Benjamin to retire in December

Chancellor Helen Benjamin leads a discussion on leadership using the Ralph Ellison novel, “Invisible Man,” at Los Medanos College Monday, Feb. 24, 2014 as an event for Black History Month.
After almost 27 years of working in the district and a lifetime spent dedicated to education, retiring Contra Costa Community College District Chancellor Helen Benjamin is looking forward to not getting up for that first day of school after Christmas vacation for the first time since she was 6 years old.
“I’ve been going to school for 60 years,” said Benjamin, but starting in January she won’t be. “I am excited about that feeling.”
Benjamin, who will leave her post at the end of this year, said she was grateful for the time she has spent in the three-college district and has enjoyed her work because she never felt the need to be somebody else.
“I’ve been comfortable here, the majority of the time,” said Benjamin, but that is something she has experienced at every job. Laughingly she said it might be because she adapts well or is foolish.
But although she ended up making the district her home for almost three decades, Benjamin’s beginning was rocky and it took her awhile to settle in.

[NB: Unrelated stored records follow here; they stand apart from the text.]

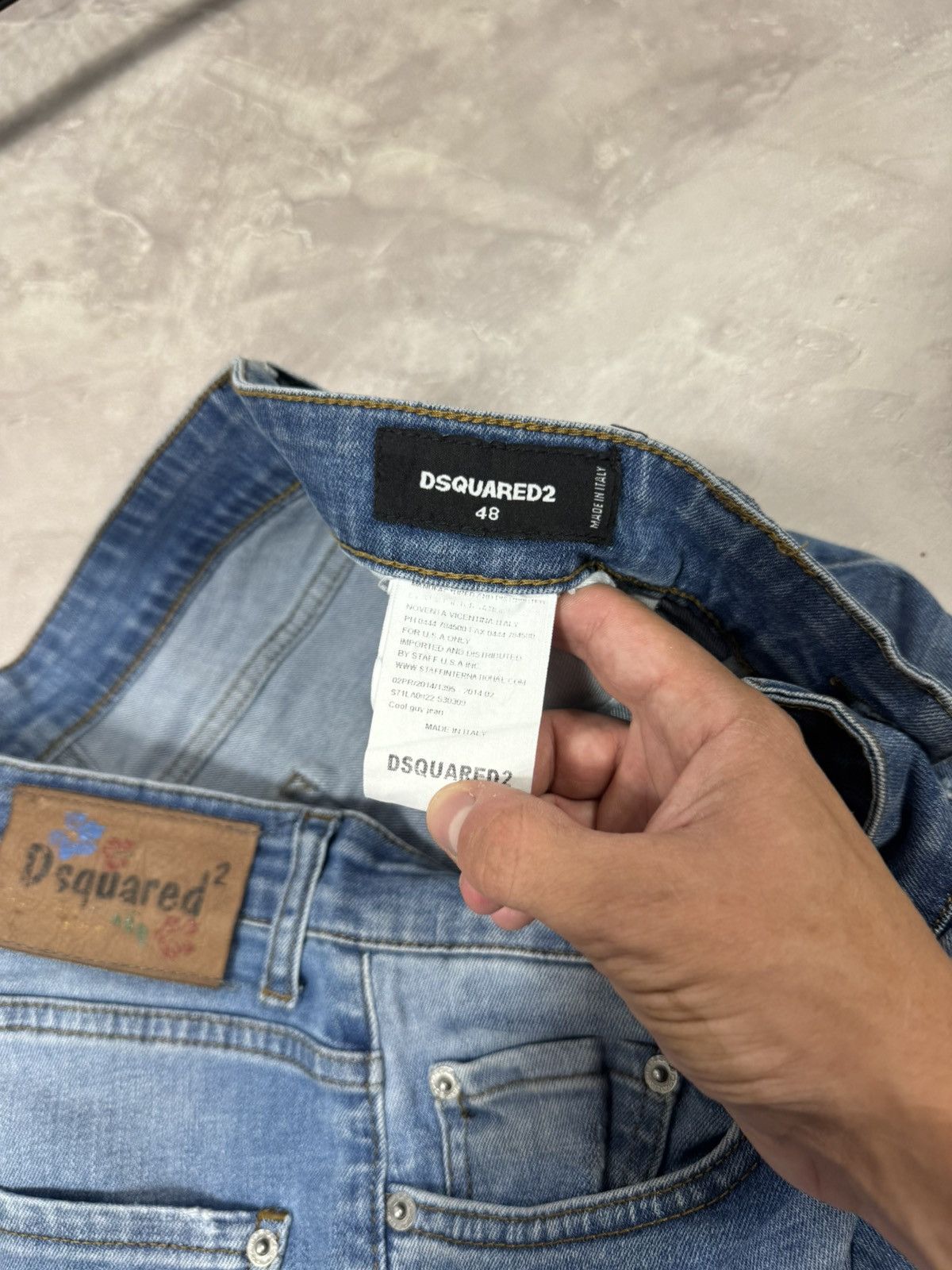 Dsquared2 Dsquared2 Distressed Y2k Slim Jeans Size US 32 / EU 48 - 11 Thumbnail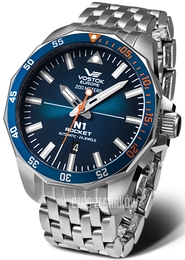 Vostok Europe Rocket N-1 Niebieski/Stal Ø46 mm NH35A-225A615Br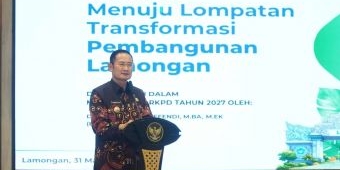 Forum Musrenbang, Bupati Lamongan Paparkan Agenda Strategis 2027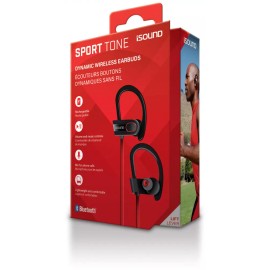 iSound DGHP-5622 Sport Tone Dynamic BT Earbuds Red/Black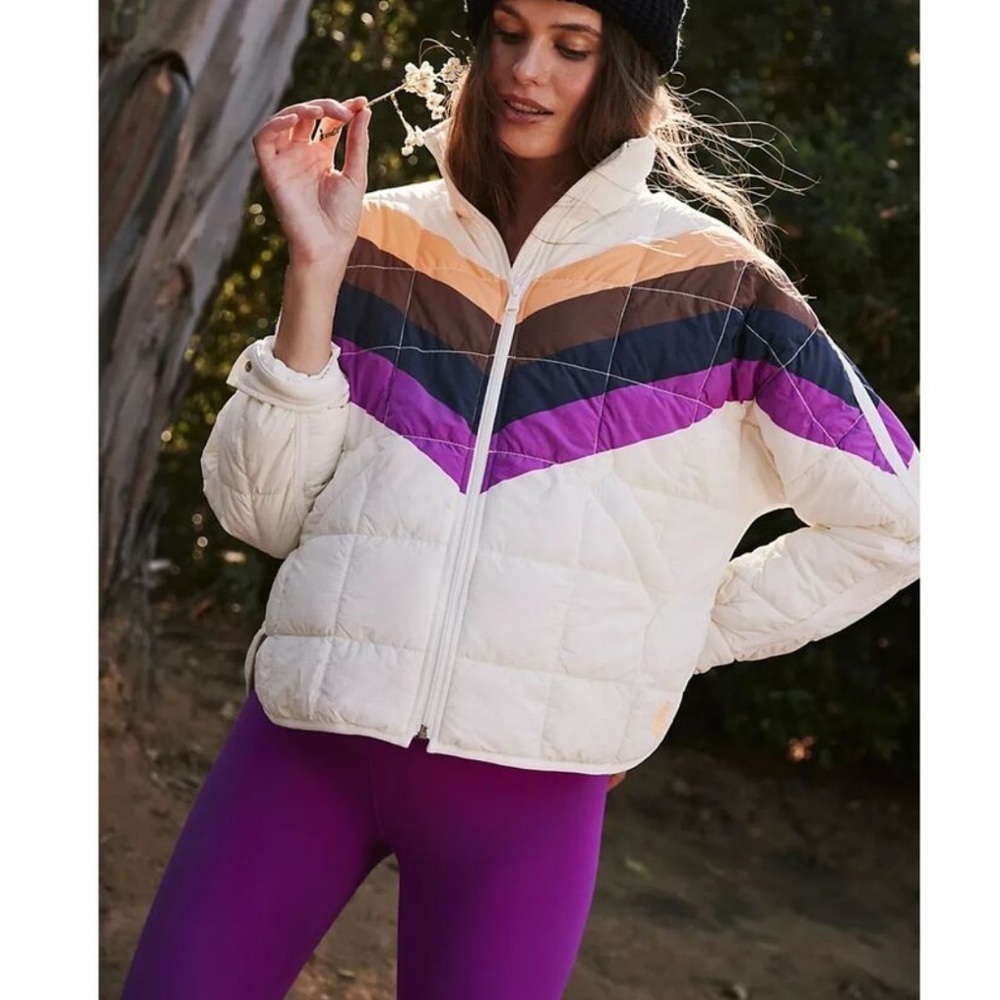 NWT Free People Movement x Hatch Medium Printed Puffer Jacket Packable Coat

“I was trying to get out,” she said, because working at a California community college at first was not what she thought it was going to be.

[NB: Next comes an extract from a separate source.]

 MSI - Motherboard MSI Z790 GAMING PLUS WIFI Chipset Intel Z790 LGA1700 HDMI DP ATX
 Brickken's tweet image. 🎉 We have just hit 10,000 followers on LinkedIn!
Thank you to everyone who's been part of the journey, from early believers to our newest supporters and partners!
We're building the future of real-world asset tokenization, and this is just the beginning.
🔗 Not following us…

In 1990, Benjamin was hired as the Los Medanos College dean of Language Arts and Humanistic Studies and didn’t have any goals beyond working in the department she was hired for and “doing exciting things.” She had come from a community college in Dallas and a department she described as having amazing programs. And she thought a forward-thinking, new-frontier kind of place like California would be better for all of her ideas and plans for her future in education. But soon realized the new environment she found herself in was completely different than she anticipated and immediately felt like it wasn’t the right fit.

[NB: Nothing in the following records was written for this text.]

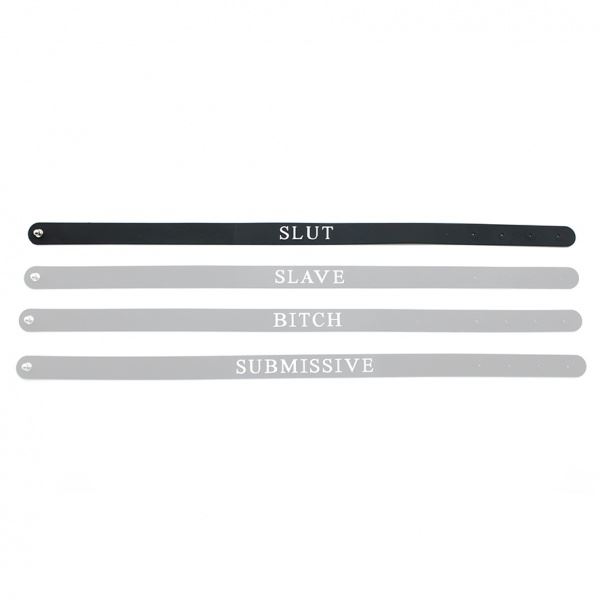 Sexy Choker Adjustable Kinky Collar Bitch Slut Slave Submissive Black - Picture 23 of 34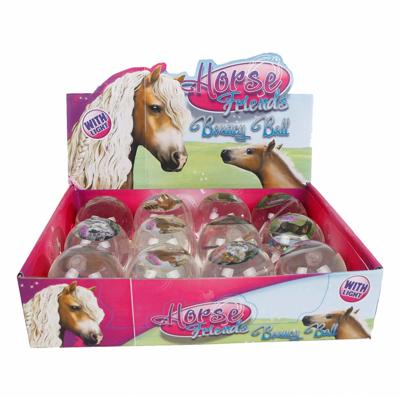 Diverse Merken Horse friends stuiterbal met licht (6,5cm/6 ass.)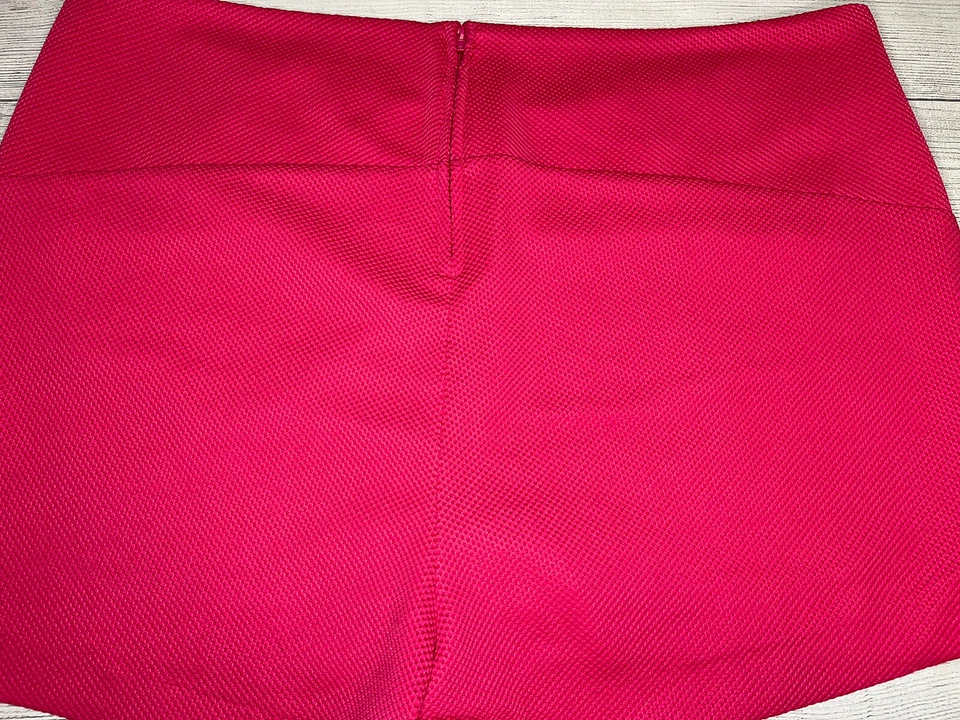 TORRID 22 Hot Pink Dress Shorts High Rise Stretch Zipper Back 3.5” Plus Barbie - Image 2 of 4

“I thought I would have the opportunity to do more things but [the faculty] weren’t accustomed to having managers as leaders and creating programs, and things like that,” said Benjamin. “So, that was kind of a disappointment to me when I came, that I couldn’t further use those skills and abilities that I had.”
On top of issues with the inner workings of faculty and management, the technology wasn’t up to the speed she was used to, the district had just gotten a new chancellor and her children were having a hard time, all of which led to Benjamin thinking, “I got to get out of here.” But she went to work and did everything she was supposed to do, all the while constantly looking for another job — without much luck.
She said it “was just a mess.”
As Benjamin was chasing down every job lead that could help her leave the district, the new chancellor, Bob Jensen, had been trying to get a hold of her and Benjamin had been refusing to pick up the phone or call him back.
“I am not calling him,” she said. “I don’t know who he is. Why is he calling me?”
Finally Jensen got in touch with her and told her he knew she was trying to leave California. Benjamin was confused because she hadn’t told anyone she was looking for another job but chalked it up to Jensen being well connected. He asked her to meet with him, so she went to his office in Martinez, and when he asked her why she wanted to leave the district, she told him — her kids were unhappy, it wasn’t what she thought it was going to be, the district didn’t have computers or email and the place was kind of backward.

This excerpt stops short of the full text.